Below is a listing to repeat exactly, with its pictures left out.

• **Given information**
::::::::

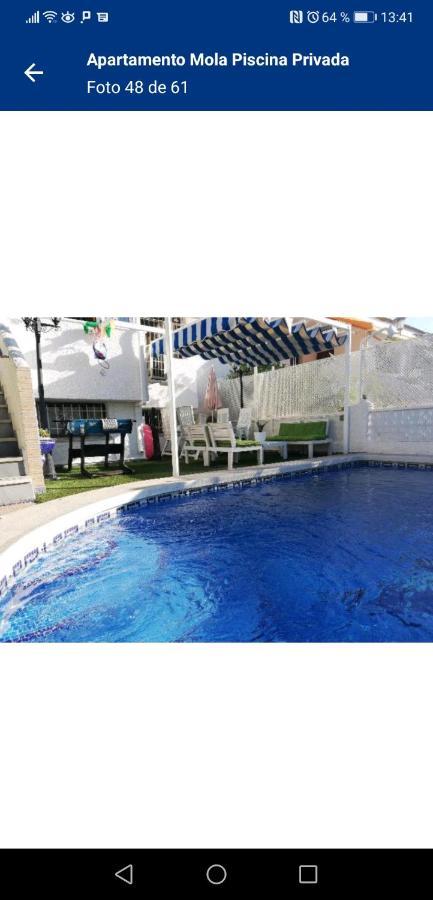 Piso Entero En Semi Sotano Con Piscina Salina Privada Apartment San Pedro del Pinatar Ngoại thất bức ảnh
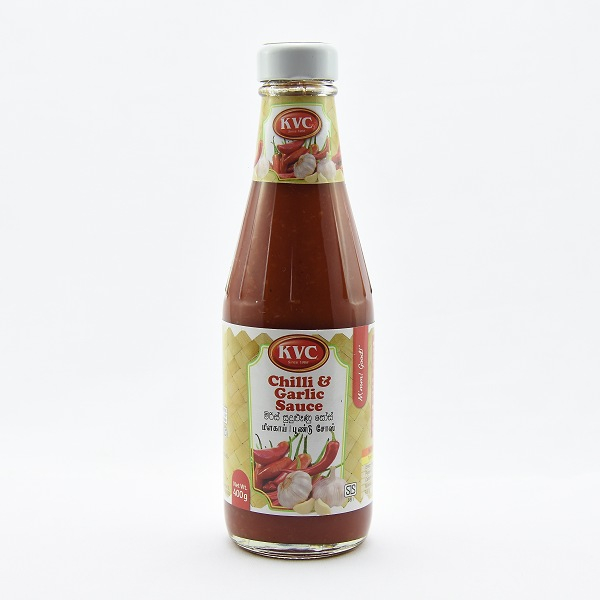 Kvc Chilli & Garlic Sauce 400g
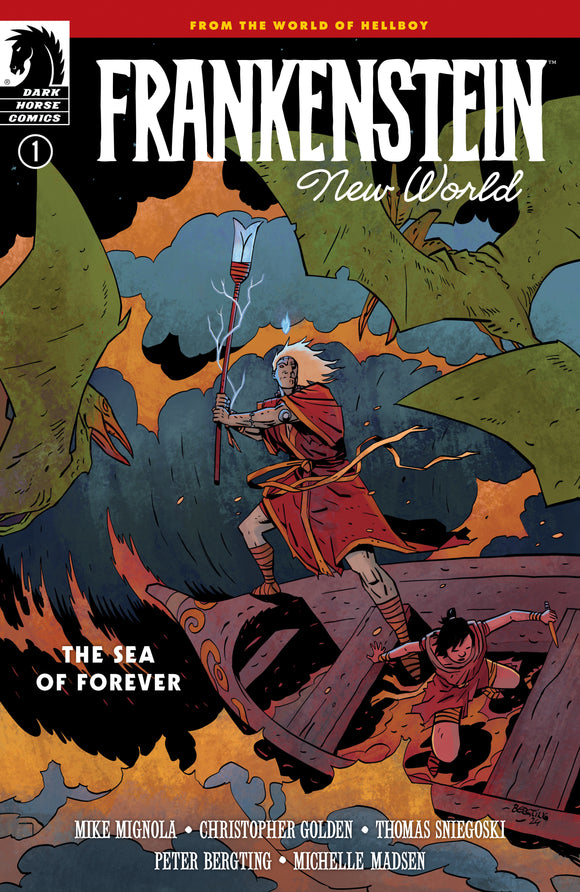 *Pre-Order* Frankenstein: New World--The Sea of Forever #1 (CVR A) (Peter Bergting)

::::::::

• **Your response**
 Piso Entero En Semi Sotano Con Piscina Salina Privada Apartment San Pedro del Pinatar Ngoại thất bức ảnh
 Kvc Chilli & Garlic Sauce 400g
 *Pre-Order* Frankenstein: New World--The Sea of Forever #1 (CVR A) (Peter Bergting)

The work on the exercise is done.